3.5. Exogenous bacterial SMase (bSMase), C2-ceramide and other NSMase2 activators inhibit the synthesis of HA to the same extent as MU
To further confirm the key role of NSMase2/ceramide in MU mediated HA inhibition, we
investigated the effect on HA synthesis of NSMase2 activators (bacterial SMase (bSMase),
exogenous C2-ceramide and sturosporine etc.). After 5 min treatment in G26-24, we
observed stimulation of activity by NSMase2 activators-250mU bSMase, 50nM
staurosporine, 200 μM H2O2, and exogenous 50μM C2-ceramide, 1mM and 2mM MU (Fig.

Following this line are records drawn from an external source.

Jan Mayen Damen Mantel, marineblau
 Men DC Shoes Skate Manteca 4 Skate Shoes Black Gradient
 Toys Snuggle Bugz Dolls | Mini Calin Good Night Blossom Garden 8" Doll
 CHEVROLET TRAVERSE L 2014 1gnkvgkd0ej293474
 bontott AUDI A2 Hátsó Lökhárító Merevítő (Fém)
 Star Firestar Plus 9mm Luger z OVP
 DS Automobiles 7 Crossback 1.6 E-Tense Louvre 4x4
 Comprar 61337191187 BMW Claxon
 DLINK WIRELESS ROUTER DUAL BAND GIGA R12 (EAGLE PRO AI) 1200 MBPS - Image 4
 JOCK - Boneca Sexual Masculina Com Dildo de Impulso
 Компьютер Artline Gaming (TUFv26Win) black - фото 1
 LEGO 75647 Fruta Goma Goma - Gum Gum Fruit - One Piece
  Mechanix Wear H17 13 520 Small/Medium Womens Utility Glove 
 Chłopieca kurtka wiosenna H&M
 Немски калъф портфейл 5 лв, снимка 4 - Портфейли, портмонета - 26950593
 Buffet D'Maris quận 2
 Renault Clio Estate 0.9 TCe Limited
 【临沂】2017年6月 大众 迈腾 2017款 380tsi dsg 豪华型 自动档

6A). Following the activation of NSMase2, NSMase2 activators (250mU bSMase, 25nM
staurosporine and 200 μM H2O2) and exogenous 30μM, 60μM and 90μM C2-ceramide all
significantly inhibited the synthesis of HA as MU (Fig. 6B), and C2-ceramide showed a
dose-dependent reduction of HA in 24 h (Fig. 6B). Combining this with the effect of the
specific NSMase2 inhibitor GW4869 on MU inhibited HA synthesis; we are able for the
first time to propose that MU is an activator of NSMase2. Thus the pharmacological
function of MU can be mediated by activation of NSMase2 and the resulting elevated
sphingolipid second messenger Ceramide. This initiates a cell death signaling pathway and
the anti-cancer activity of MU.
3.6. The decreased migration and invasion, and enhanced adherence of G26-24 cells occurs following the inhibition of HA and Calpains after MU treatment
As expected, we found that the migration and invasion of G26-24 was decreased following
inhibition of HA after 24 h MU treatment (Fig. 7A and 7B), and both are dose dependent.
They were about 24% and 42% decreased compared to control migration, following 0.5mM
and 1mM MU treatment, and about 30% and 40% decreased compared to control invasion
following 0.5mM and 1mM MU treatment. Corresponding to the reduction of HA, we
observed that lower concentrations of MU (such as 0.5mM) enhanced the adherence of
G26-24 cells, and cell morphology changes (more processes and more stretched appearance)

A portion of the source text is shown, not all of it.